HOW TO COMPLETE THIS TASK: The listing below holds a line with "collier noir en" and a line with "the Straits Hotel". Reproduce those two lines exactly, plus everything between them.

THE RECORDS:
-------

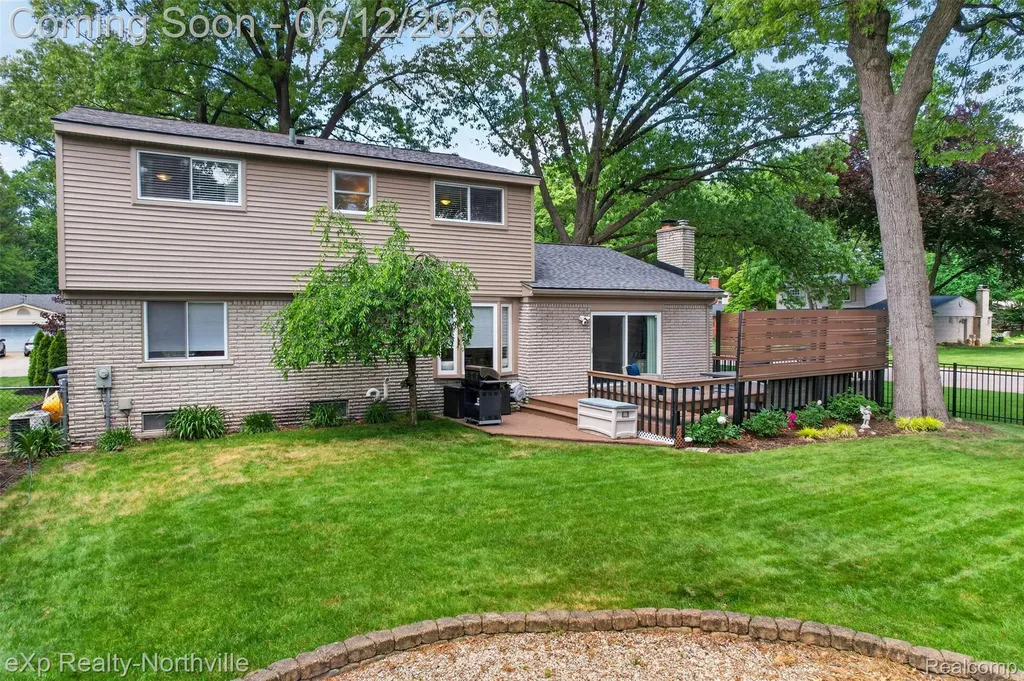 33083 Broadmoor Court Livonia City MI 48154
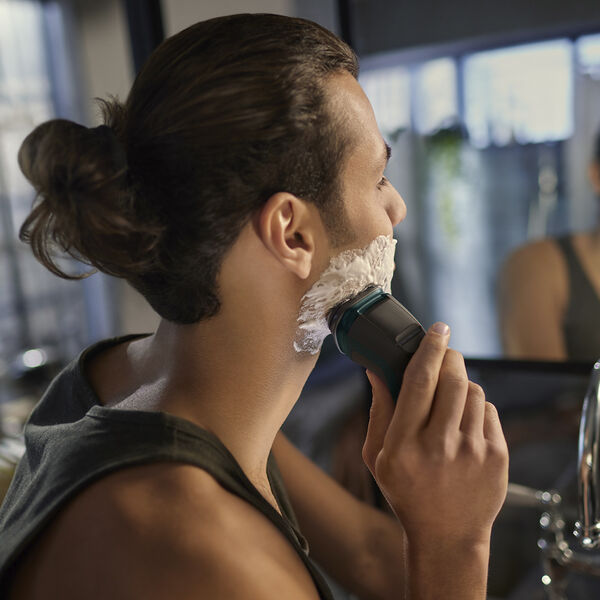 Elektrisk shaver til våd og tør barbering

-------

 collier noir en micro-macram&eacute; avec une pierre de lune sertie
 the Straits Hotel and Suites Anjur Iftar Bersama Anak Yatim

-------

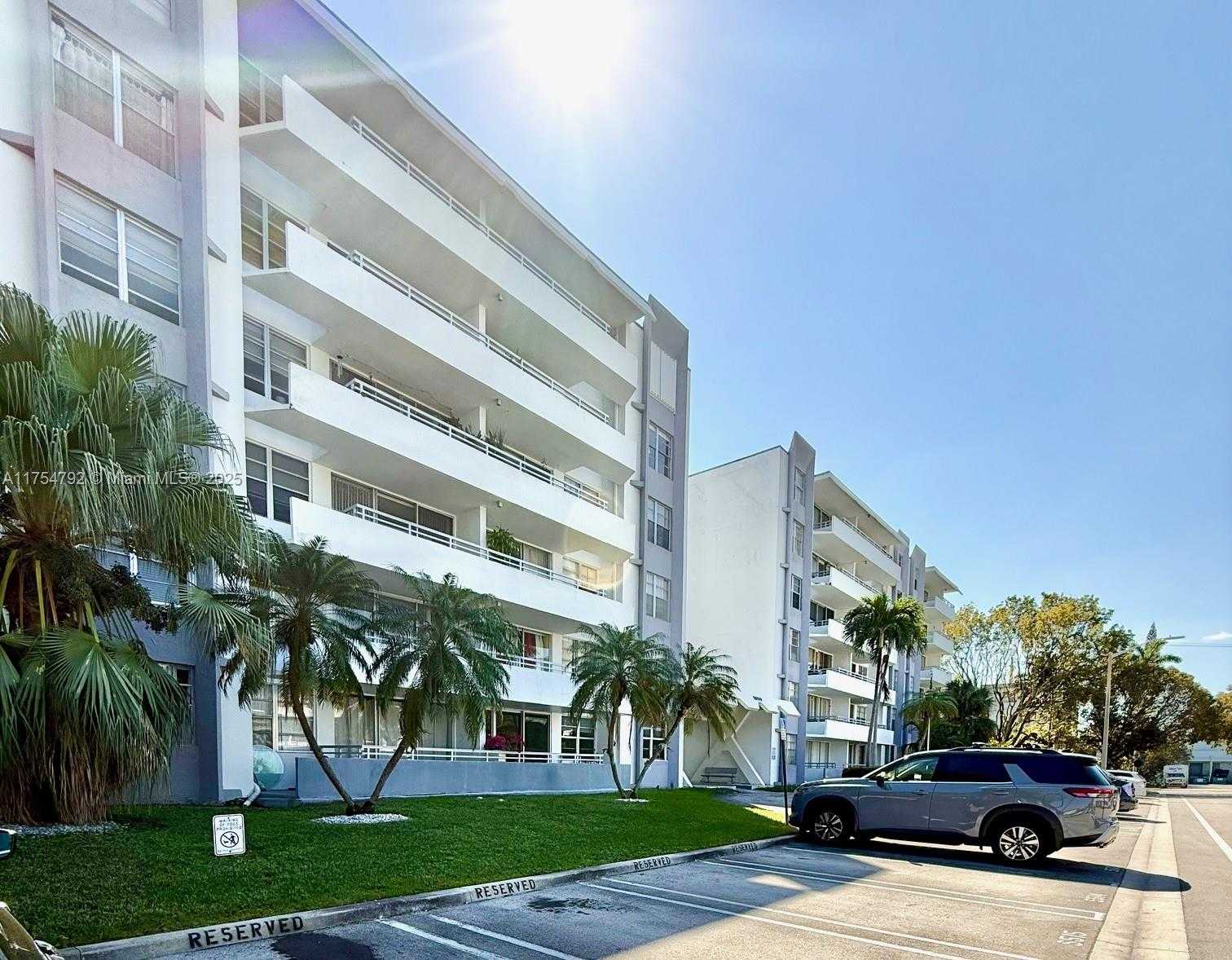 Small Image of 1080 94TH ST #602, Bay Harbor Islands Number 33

-------

ANSWER TO THIS PROBLEM:
 collier noir en micro-macram&eacute; avec une pierre de lune sertie
 the Straits Hotel and Suites Anjur Iftar Bersama Anak Yatim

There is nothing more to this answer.